_Assignment:_ The lines to return are those from the line holding "Fleur Skirt Spirulina Stripe" through the last line of the entries below, both included, written exactly and without pictures.

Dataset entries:
--- START ---

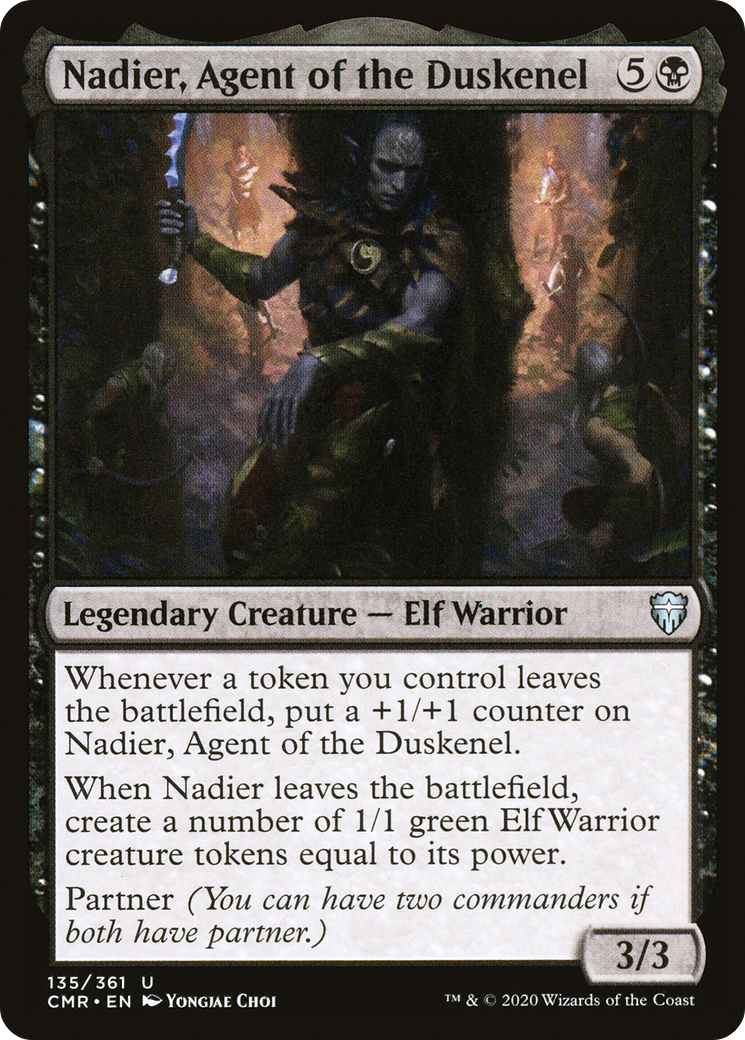 Nadier, Agent of the Duskenel (CMR-135) - Commander Legends Foil - Premium MTG Single from Wizards of the Coast - Just $0.29! Shop now at Game Crave Tournament Store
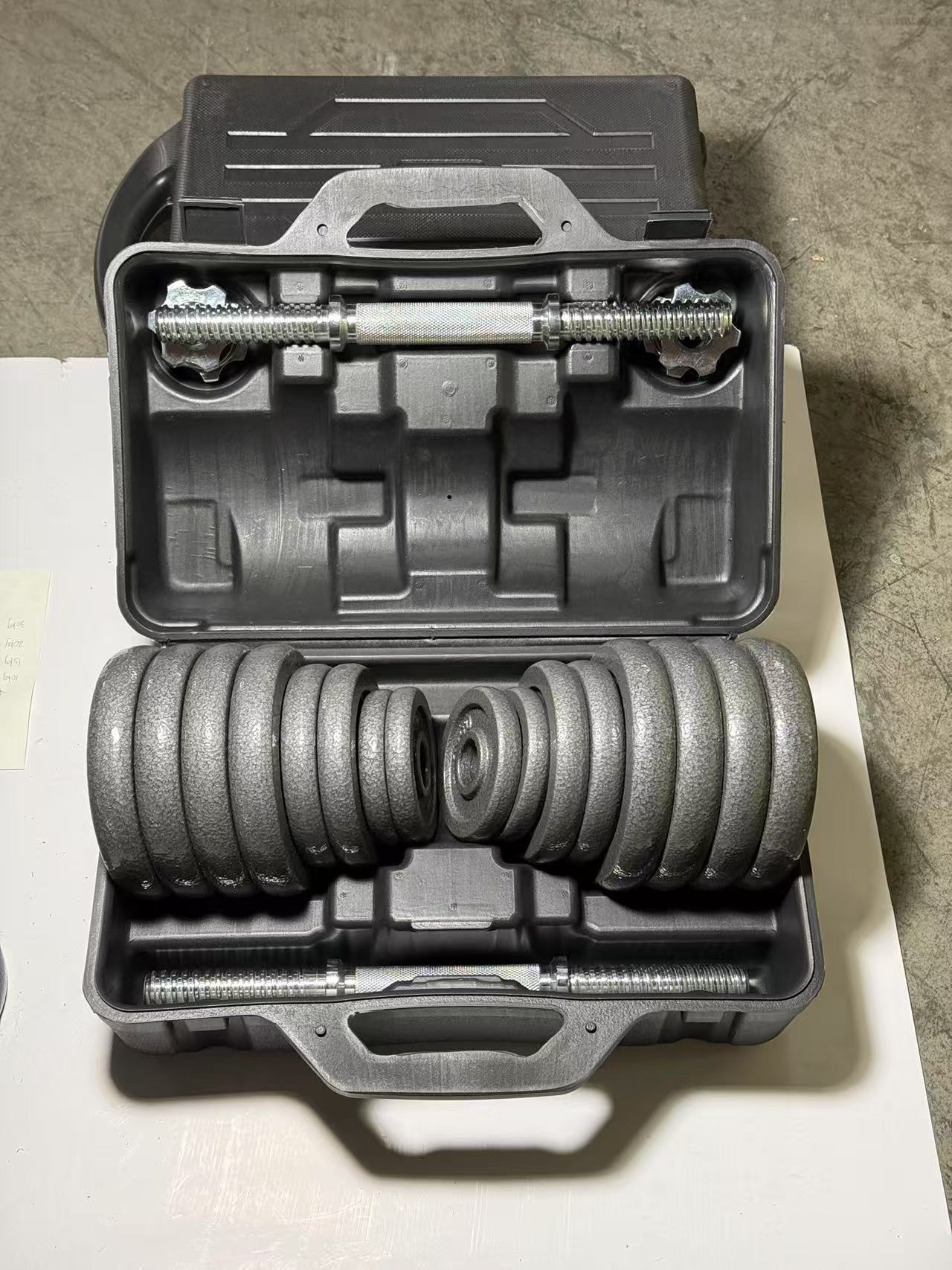 Erkekler ve kadınlar için ayarlanabilir ağırlıklı dambıllar, evde kullanım için boyalı dökme demir halter seti, toptan kalınlaştırılmış bar spor fitness ekipmanları.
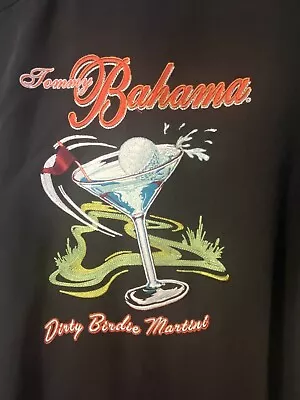 Tommy Bahama 100% Silk Dirty Birdie Martini Embroidered Button Shirt Size L Golf • $34.98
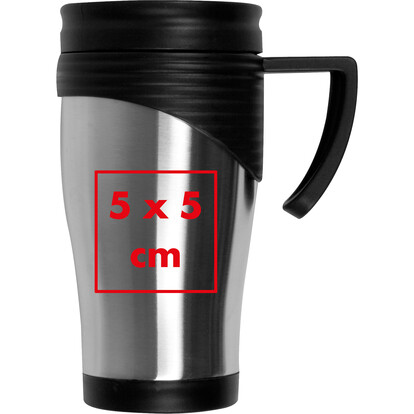 Isolierbecher El Paso,grau, A-Nr.: 530007 - 02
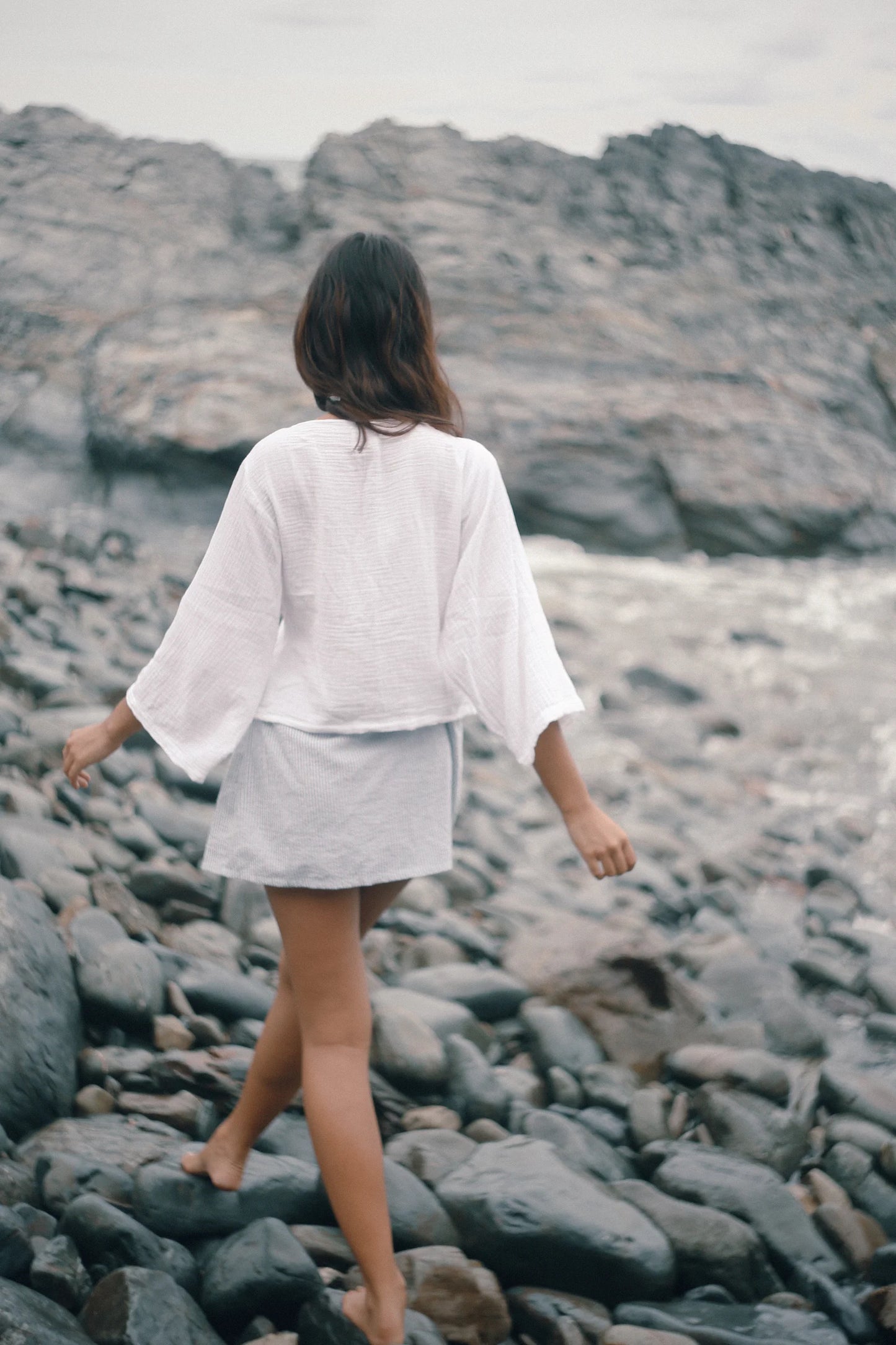 Fleur Skirt Spirulina Stripe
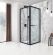 Душевой уголок Vincea City VSS-2ST9090CLB-R 90x 90 см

--- END ---

_Response area:_
 Fleur Skirt Spirulina Stripe
 Душевой уголок Vincea City VSS-2ST9090CLB-R 90x 90 см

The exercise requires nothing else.